Tips for getting the most out of the Scrum Values Retrospective
The most common pitfall is treating this as a judgment exercise rather than a growth exercise. "We failed at commitment" is not useful. "Our commitment wavered when the P1 bug disrupted our sprint goal, and we did not renegotiate scope with the product owner" identifies a specific scenario, a specific gap, and points toward a specific improvement. Always ground values discussions in concrete examples to prevent them from becoming abstract moralizing.
Be especially careful with the "Respect" column. This is where interpersonal issues surface, and they can be sensitive. If respect concerns emerge, facilitate with care: focus on patterns rather than incidents, and on situations rather than individuals. "We sometimes interrupt each other in planning" is safer and more actionable than naming a specific interrupter. If serious respect issues surface, consider a private follow-up rather than a group discussion.
Rotate which values get deep attention across multiple sessions. If you focus on Courage and Openness one quarter, emphasize Commitment and Focus the next. This rotation ensures all five values receive periodic attention without making any single session feel overwhelming. Over the course of a year, the team develops fluency in all five values and can self-assess without needing the formal retro structure.
Variations and adaptations
For remote teams, consider a pre-session anonymous survey where each team member rates the team's performance on each value from one to five. Share the aggregated results (not individual ratings) at the start of the retro as a discussion catalyst. Divergence in ratings is especially informative: if half the team rates Focus as a five and half rates it as a two, understanding that gap becomes the most valuable conversation in the session.
For async teams, assign one value per day for a five-day reflection week. Each day, team members post one observation about that value in a shared channel. By Friday, the team has a rich collection of observations across all five values. The synchronous session on Friday synthesizes themes and creates commitments. This drip approach produces more thoughtful reflection than asking people to address all five values simultaneously.

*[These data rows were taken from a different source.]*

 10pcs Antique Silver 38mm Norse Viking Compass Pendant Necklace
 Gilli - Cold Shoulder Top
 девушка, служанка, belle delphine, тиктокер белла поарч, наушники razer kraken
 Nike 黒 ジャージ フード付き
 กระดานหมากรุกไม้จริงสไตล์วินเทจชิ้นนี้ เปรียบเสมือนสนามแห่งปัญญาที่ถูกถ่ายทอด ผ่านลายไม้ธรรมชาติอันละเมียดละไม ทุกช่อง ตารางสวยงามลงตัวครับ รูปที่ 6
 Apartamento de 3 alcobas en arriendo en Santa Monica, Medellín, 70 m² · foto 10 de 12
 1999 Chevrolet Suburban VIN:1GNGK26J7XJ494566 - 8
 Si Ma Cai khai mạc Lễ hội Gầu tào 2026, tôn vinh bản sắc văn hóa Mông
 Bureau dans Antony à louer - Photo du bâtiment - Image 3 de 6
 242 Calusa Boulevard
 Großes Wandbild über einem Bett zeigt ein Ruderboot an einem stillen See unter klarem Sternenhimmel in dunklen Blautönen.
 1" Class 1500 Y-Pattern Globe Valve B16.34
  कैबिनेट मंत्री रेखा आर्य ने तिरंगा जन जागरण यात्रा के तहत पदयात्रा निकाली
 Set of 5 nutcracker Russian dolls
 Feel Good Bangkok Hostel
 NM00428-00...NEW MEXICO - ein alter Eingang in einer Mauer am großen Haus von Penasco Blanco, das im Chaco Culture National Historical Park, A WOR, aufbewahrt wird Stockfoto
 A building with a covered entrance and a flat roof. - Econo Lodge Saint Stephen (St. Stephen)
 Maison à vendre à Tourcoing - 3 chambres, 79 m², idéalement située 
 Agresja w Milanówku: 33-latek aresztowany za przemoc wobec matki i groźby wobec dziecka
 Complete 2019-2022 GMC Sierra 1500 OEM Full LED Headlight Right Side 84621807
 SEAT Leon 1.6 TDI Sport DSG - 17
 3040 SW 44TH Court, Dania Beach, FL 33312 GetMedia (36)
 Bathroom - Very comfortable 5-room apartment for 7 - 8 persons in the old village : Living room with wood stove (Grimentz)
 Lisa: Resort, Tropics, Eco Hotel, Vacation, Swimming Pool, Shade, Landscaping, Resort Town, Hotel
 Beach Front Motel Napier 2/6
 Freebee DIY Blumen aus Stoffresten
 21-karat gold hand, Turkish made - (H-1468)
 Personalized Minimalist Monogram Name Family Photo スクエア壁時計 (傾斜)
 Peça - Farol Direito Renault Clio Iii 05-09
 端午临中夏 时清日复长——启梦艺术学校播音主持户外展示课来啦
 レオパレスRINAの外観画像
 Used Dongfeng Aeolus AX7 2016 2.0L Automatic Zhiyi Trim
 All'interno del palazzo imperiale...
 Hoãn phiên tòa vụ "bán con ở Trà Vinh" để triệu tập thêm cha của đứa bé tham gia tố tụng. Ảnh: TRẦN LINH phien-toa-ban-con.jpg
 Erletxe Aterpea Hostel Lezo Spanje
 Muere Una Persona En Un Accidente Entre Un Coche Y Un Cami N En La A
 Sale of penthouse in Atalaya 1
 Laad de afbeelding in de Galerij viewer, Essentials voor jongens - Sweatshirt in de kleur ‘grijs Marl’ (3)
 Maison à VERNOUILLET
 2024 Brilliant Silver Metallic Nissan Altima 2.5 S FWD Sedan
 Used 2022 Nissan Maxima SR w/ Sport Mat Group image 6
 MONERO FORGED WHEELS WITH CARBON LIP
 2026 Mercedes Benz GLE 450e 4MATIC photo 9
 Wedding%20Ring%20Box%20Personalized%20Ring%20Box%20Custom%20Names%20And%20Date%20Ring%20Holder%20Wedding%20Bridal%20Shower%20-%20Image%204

A popular variation for non-Scrum teams replaces the Scrum values with team-generated values. Run a values discovery session where the team identifies their own five core values, then use those as the retrospective columns going forward. This personalized version is more authentic and often more powerful because the team has ownership of the values they are reflecting on. Another adaptation for coaching contexts adds a "What would [value] look like at its best?" prompt that encourages aspirational thinking alongside current-state reflection.